Provide the number of lines in the records that hold the string "image", without any other words.

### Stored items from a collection
++++++++

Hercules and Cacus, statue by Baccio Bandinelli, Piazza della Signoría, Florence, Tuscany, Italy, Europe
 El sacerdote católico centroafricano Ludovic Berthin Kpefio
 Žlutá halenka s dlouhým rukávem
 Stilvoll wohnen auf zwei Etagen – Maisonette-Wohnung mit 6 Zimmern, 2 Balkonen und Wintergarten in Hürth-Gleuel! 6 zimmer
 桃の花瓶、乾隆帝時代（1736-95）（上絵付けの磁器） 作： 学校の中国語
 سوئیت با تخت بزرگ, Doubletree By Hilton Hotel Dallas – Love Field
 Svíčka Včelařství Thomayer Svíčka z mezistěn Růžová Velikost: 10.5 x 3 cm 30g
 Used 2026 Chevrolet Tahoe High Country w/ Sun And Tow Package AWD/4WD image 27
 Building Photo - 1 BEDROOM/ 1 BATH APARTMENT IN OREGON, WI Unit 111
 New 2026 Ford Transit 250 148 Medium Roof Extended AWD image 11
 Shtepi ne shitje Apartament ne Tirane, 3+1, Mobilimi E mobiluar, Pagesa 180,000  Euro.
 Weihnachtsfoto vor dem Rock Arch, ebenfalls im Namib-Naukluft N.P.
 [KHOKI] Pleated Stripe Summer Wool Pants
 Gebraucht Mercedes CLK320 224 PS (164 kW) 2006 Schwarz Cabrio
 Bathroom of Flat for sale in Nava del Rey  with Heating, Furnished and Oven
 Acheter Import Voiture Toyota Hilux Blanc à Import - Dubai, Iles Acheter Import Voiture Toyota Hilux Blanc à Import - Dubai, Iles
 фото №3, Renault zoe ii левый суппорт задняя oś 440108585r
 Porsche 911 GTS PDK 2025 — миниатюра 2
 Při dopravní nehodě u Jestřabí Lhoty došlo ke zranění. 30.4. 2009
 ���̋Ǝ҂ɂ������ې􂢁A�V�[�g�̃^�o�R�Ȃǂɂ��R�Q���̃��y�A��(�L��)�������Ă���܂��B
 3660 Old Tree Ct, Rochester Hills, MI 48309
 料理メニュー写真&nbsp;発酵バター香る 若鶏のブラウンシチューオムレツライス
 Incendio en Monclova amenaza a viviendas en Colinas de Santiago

++++++++

### REPLY
2